What you have to do. Every entry must appear in the output exactly as it does here.

────

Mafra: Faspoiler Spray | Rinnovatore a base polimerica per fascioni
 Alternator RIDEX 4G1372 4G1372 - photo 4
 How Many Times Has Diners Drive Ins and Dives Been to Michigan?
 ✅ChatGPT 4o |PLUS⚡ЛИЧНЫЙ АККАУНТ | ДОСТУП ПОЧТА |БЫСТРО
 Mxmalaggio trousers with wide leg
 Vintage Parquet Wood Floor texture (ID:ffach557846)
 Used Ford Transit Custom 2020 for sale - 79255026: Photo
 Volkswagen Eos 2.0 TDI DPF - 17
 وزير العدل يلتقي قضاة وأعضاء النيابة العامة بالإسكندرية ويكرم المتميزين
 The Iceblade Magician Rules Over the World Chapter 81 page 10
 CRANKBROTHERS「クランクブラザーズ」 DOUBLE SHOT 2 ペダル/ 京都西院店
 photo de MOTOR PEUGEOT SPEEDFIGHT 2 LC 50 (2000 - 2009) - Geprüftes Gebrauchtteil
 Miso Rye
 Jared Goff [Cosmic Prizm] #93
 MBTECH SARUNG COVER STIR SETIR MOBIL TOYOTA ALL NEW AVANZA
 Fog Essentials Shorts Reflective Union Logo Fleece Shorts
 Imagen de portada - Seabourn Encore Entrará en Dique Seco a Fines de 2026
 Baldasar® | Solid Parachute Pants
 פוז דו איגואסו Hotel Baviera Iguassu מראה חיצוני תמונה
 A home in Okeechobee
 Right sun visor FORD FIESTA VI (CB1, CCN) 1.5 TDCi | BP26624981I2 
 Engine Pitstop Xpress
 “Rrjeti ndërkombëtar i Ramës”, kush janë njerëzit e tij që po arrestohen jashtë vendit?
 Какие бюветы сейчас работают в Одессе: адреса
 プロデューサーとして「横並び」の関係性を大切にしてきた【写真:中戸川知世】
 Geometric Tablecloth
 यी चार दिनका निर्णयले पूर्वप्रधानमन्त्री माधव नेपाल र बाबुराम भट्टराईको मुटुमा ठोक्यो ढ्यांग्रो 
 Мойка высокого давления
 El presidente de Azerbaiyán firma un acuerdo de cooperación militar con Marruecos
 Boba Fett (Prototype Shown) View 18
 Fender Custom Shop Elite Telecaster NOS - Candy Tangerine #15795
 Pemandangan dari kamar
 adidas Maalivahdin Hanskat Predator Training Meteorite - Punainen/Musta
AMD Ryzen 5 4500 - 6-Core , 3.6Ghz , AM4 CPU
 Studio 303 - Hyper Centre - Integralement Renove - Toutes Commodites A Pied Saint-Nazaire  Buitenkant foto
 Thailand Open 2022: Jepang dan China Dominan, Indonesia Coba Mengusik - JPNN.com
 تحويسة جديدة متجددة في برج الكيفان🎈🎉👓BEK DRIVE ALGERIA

────

Output below.
Mafra: Faspoiler Spray | Rinnovatore a base polimerica per fascioni
 Alternator RIDEX 4G1372 4G1372 - photo 4
 How Many Times Has Diners Drive Ins and Dives Been to Michigan?
 ✅ChatGPT 4o |PLUS⚡ЛИЧНЫЙ АККАУНТ | ДОСТУП ПОЧТА |БЫСТРО
 Mxmalaggio trousers with wide leg
 Vintage Parquet Wood Floor texture (ID:ffach557846)
 Used Ford Transit Custom 2020 for sale - 79255026: Photo
 Volkswagen Eos 2.0 TDI DPF - 17
 وزير العدل يلتقي قضاة وأعضاء النيابة العامة بالإسكندرية ويكرم المتميزين
 The Iceblade Magician Rules Over the World Chapter 81 page 10
 CRANKBROTHERS「クランクブラザーズ」 DOUBLE SHOT 2 ペダル/ 京都西院店
 photo de MOTOR PEUGEOT SPEEDFIGHT 2 LC 50 (2000 - 2009) - Geprüftes Gebrauchtteil
 Miso Rye
 Jared Goff [Cosmic Prizm] #93
 MBTECH SARUNG COVER STIR SETIR MOBIL TOYOTA ALL NEW AVANZA
 Fog Essentials Shorts Reflective Union Logo Fleece Shorts
 Imagen de portada - Seabourn Encore Entrará en Dique Seco a Fines de 2026
 Baldasar® | Solid Parachute Pants
 פוז דו איגואסו Hotel Baviera Iguassu מראה חיצוני תמונה
 A home in Okeechobee
 Right sun visor FORD FIESTA VI (CB1, CCN) 1.5 TDCi | BP26624981I2 
 Engine Pitstop Xpress
 “Rrjeti ndërkombëtar i Ramës”, kush janë njerëzit e tij që po arrestohen jashtë vendit?
 Какие бюветы сейчас работают в Одессе: адреса
 プロデューサーとして「横並び」の関係性を大切にしてきた【写真:中戸川知世】
 Geometric Tablecloth
 यी चार दिनका निर्णयले पूर्वप्रधानमन्त्री माधव नेपाल र बाबुराम भट्टराईको मुटुमा ठोक्यो ढ्यांग्रो 
 Мойка высокого давления
 El presidente de Azerbaiyán firma un acuerdo de cooperación militar con Marruecos
 Boba Fett (Prototype Shown) View 18
 Fender Custom Shop Elite Telecaster NOS - Candy Tangerine #15795
 Pemandangan dari kamar
 adidas Maalivahdin Hanskat Predator Training Meteorite - Punainen/Musta
AMD Ryzen 5 4500 - 6-Core , 3.6Ghz , AM4 CPU
 Studio 303 - Hyper Centre - Integralement Renove - Toutes Commodites A Pied Saint-Nazaire  Buitenkant foto
 Thailand Open 2022: Jepang dan China Dominan, Indonesia Coba Mengusik - JPNN.com
 تحويسة جديدة متجددة في برج الكيفان🎈🎉👓BEK DRIVE ALGERIA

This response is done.